BRUSSELS, July 30, 2013 (AFP)
BRUSSELS, July 30, 2013 (AFP)
The European Union has taken on the role of mediator to resolve a potentially disastrous crisis in Egypt but it has only limited leverage to get all sides to agree a return to civilian rule, analysts said Tuesday.
The great fear is that the popular uprising which ousted longtime autocrat Hosni Mubarak in 2011 risks degenerating into a bloody civil war as in Syria, leaving hopes for a reformed, democratic Egypt in tatters.
More than 80 people died at the weekend in fresh clashes between the military and supporters of President Mohamed Morsi who the army ousted on July 3 after mass protests against his Islamist rule.
For the EU, the immediate problem is making its voice heard, and while it may not have the same influence as Washington, it does have some cards to play, analysts say.

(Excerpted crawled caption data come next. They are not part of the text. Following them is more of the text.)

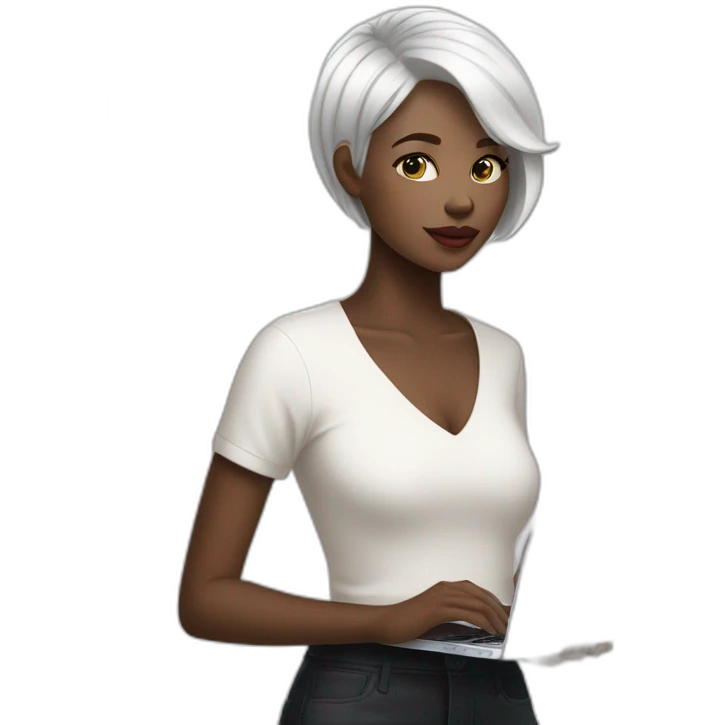 it girl white short hair with macbook pro emoji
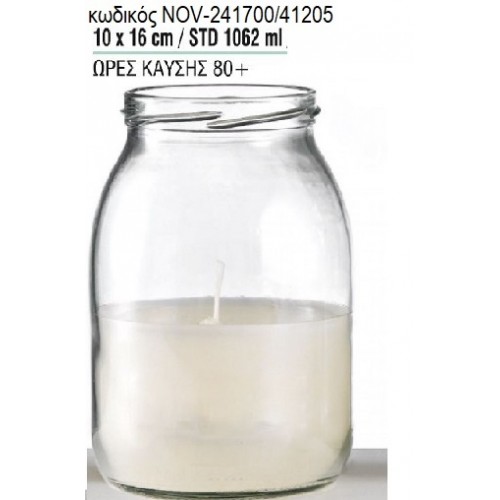 ΚΕΡΙ ΣΕ ΓΥΑΛΙΝΟ ΒΑΖΟ 10x16ΕΚ NOV-241700/41205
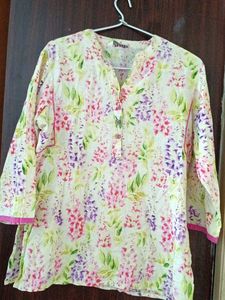 Floral Print Cotton Kurta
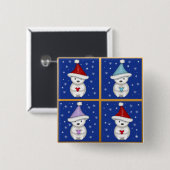 キュートポーラーベアーズデザイン 缶バッジ (正面&裏面)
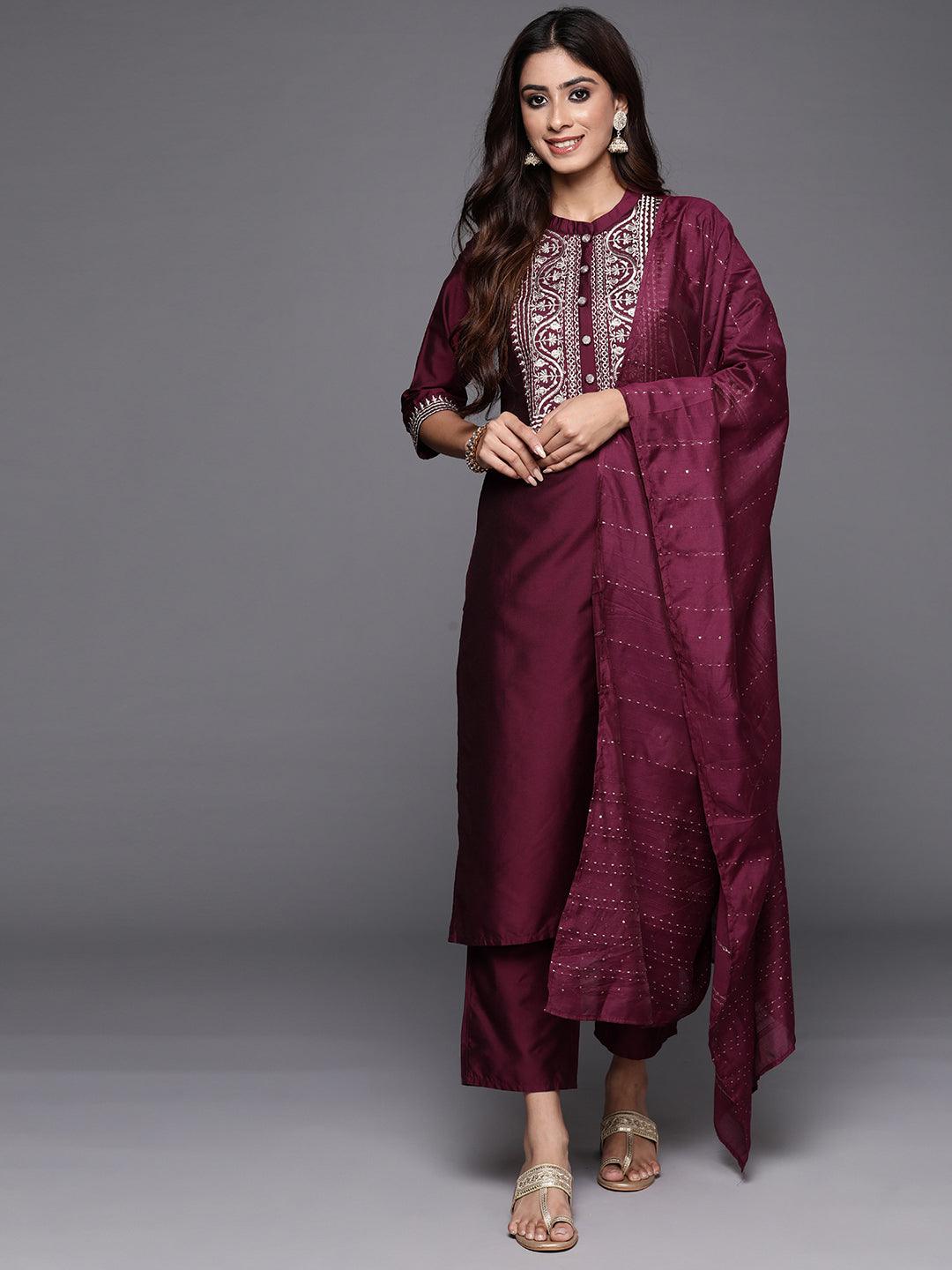 Wine Yoke Design Silk Blend Straight Kurta With Trousers & Dupatta - ShopLibas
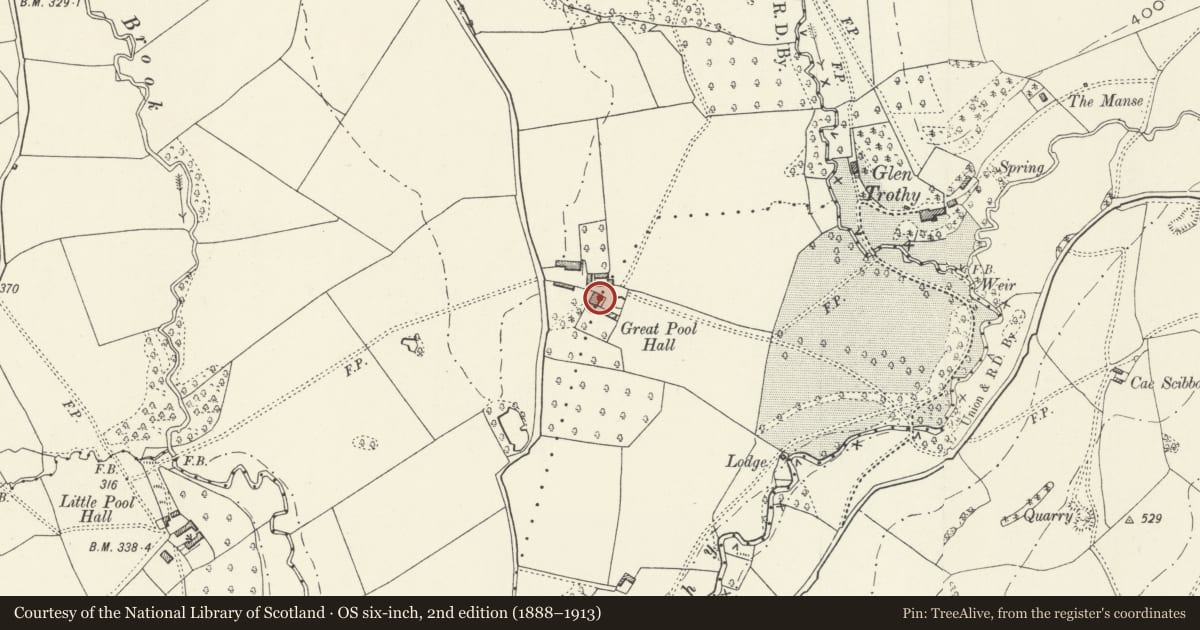 Ordnance Survey six-inch map, 2nd edition (1888–1913) covering the location of Great Pool Hall, Skenfrith, Monmouthshire, with a pin at the register's coordinates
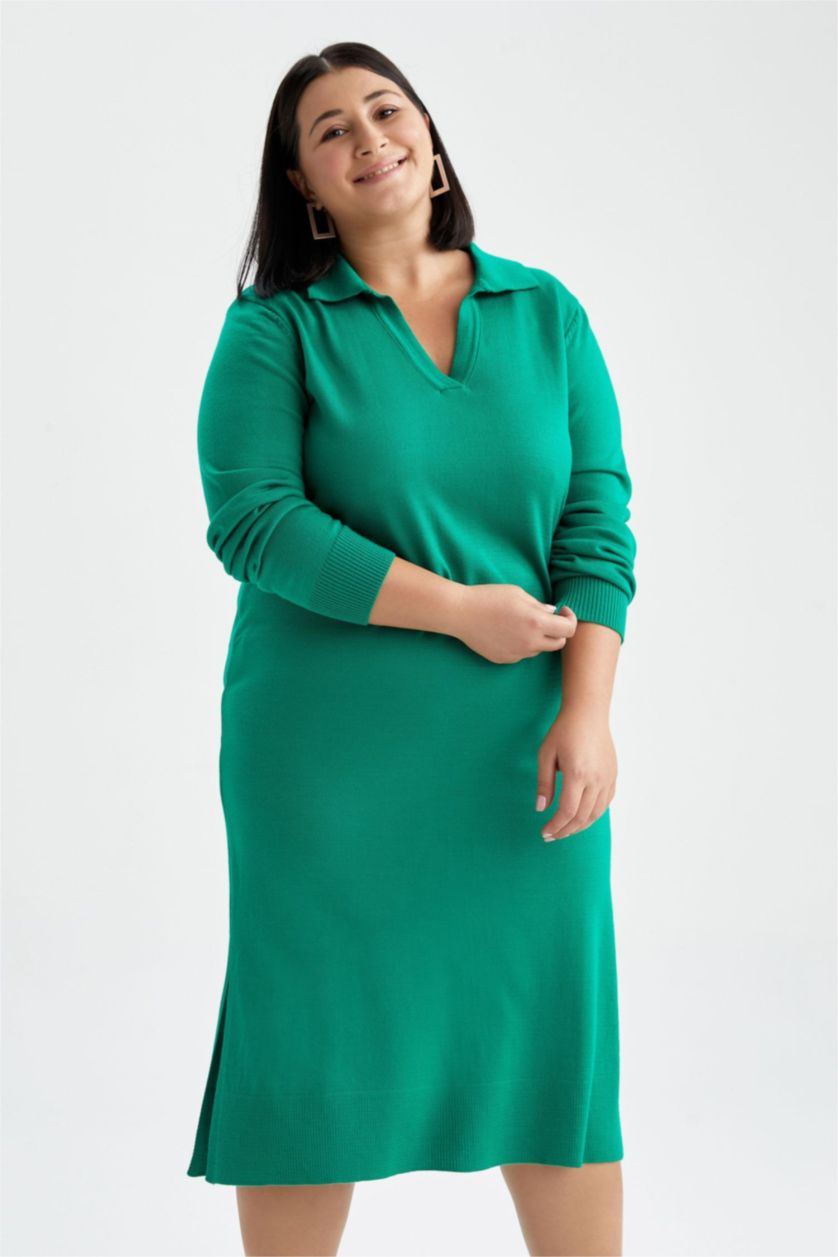 FEMME Vert Robe tricot à col polo de grande taille de DF Plus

“The EU is uniquely positioned to play a mediating (role) in Egypt,” said Yasser El-Shimy of the International Crisis Group.

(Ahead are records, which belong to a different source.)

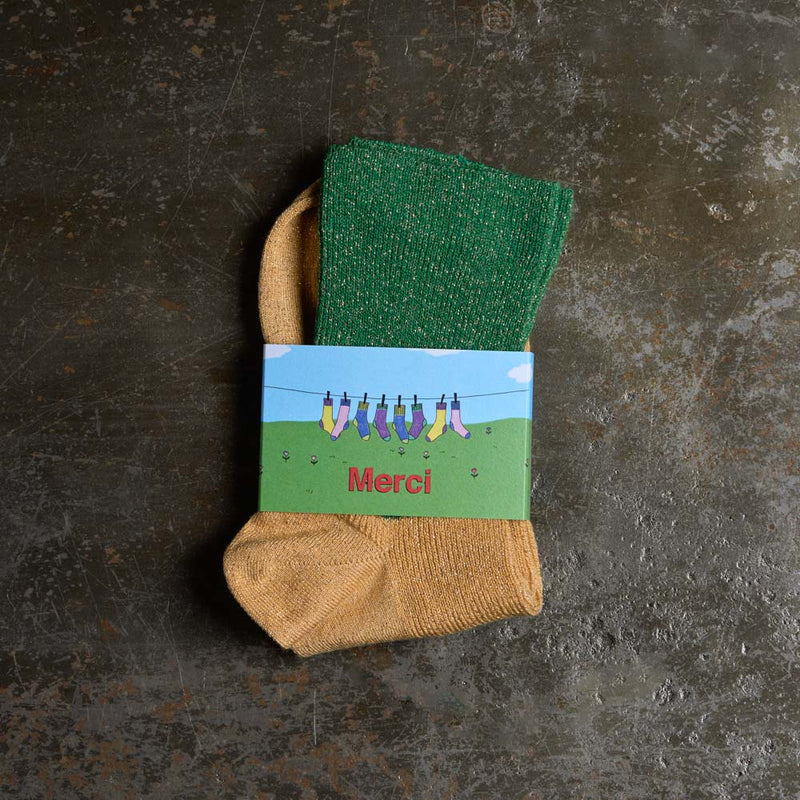 Merci - Chaussettes Ludo - Vert & Or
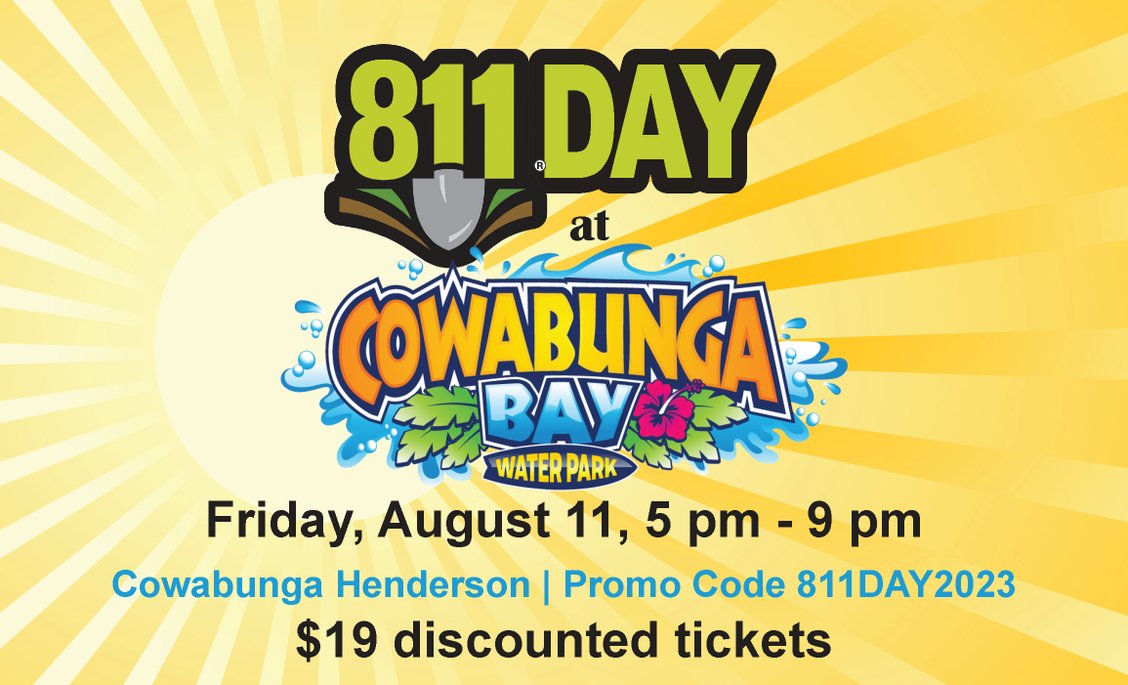 center_stake's tweet image. Remember to join in on the water park fun this Friday in Henderson, NV to celebrate 811 Day! Remember to always contact 811 before digging! #EveryDigEveryTime #811Day #LasVegas call811.com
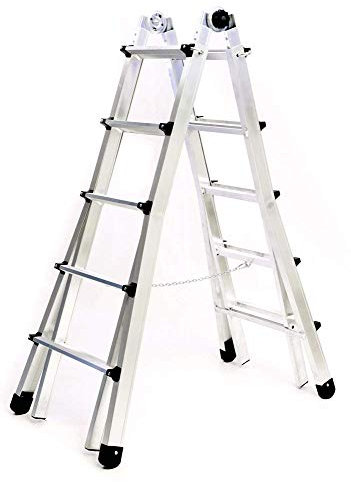 Scala Multiuso (Alluminio, 3+3 Gradini = 3 m), Telescopica, Adatta x Professionisti, Versatile x Lavoro, Prodotto In Italia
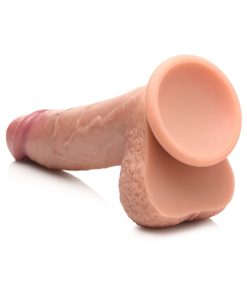 Jock Real Skin 8 In. Silicone Dildo With Balls Medium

“The EU may not have the leverage of the annual aid that the United States gives … but it enjoys something far more desirable at the moment — credibility,” Yasser El-Shimy said.

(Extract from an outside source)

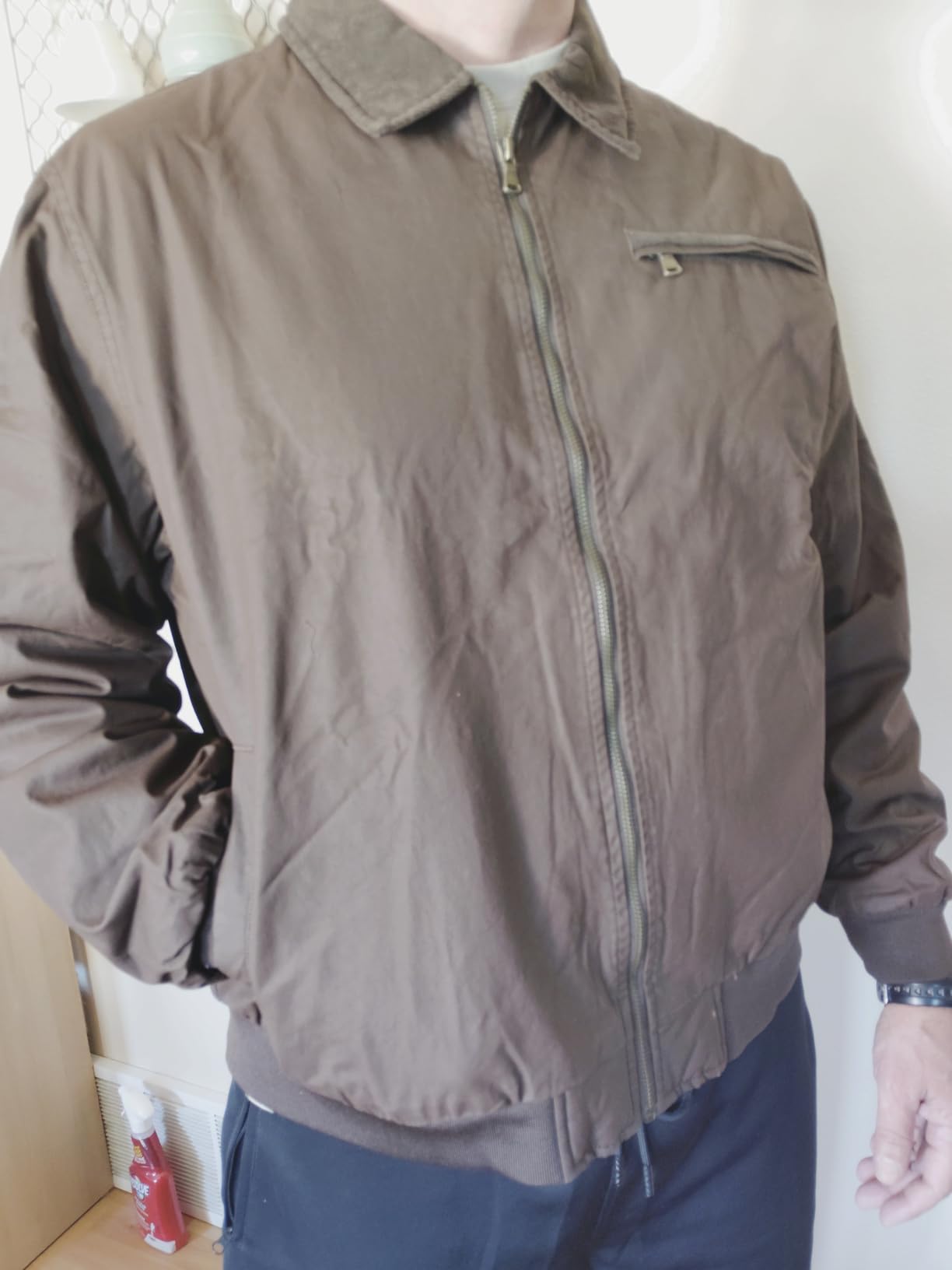Mr.Stream Men's Waxed Cotton Duck Canvas Water-Repellent Sherpa Lined Fleece Front-Zip Jackets customer photo 2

“Egyptian political actors are miles apart and have no trust in one another. An impartial, yet important, third-party like the EU could well facilitate talks aimed not only at reconciliation but also at charting a path forward for Egypt.”
“We have already played a very important role as facilitator in Egypt and we will continue to do that,” Michael Mann, spokesman for EU foreign affairs head Catherine Ashton, said Tuesday.
“It is an important role because everybody is ready to talk to us,” Mann said.
At the same time, Brussels is a significant provider of aid to Cairo, put at 450 million euros ($600 million) for 2011-13, and this was conditional.
“That does not mean that there is direct pressure but… in recent months we have not given much aid because of the lack of political progress,” Mann noted.
Ashton, on her second visit to Egypt this month, met Morsi at an undisclosed location in the early hours of Tuesday, the first person officially allowed to do so since his ouster.
On a July 17 visit, Ashton had asked to meet Morsi but was refused. This time, she made it a condition for her trip.
Ashton said in Cairo she was seeking common ground between the opposing sides, repeating her call for a peaceful transition which would include all parties, including Morsi’s Muslim Brotherhood
The Muslim Brotherhood is one of the region’s largest and best organised Islamist movements which Mubarak suppressed for years with the backing of the United States.
Jonathan Paris said he believed the EU will likely “continue to try to bridge the gaps between the Muslim Brotherhood and the government.”
However, given the stakes involved, the EU’s influence is ultimately limited, said Paris, a London-based Middle East analyst and non-resident Senior Fellow with the Atlantic Council.
The army knows it has no future if it does not come out on top, he said, and so it will be “determined to win the current confrontation … and no outside power, including Lady Ashton, will stop them.”
EU diplomatic sources said meanwhile that Washington was standing to one side, despite Cairo being a key ally, leaving Brussels to play a more important role.
The downside is that the EU “will be judged by the results,” one diplomatic source said, citing the many difficulties ahead.
The EU has played an important peace-making role in several other conflicts, most notably in the former Yugoslavia, and last year won the Nobel Peace Prize.
Ashton has also been the lead negotiator in talks with Iran over its disputed nuclear programme, on behalf of the five permanent members of the UN Security Council plus Germany.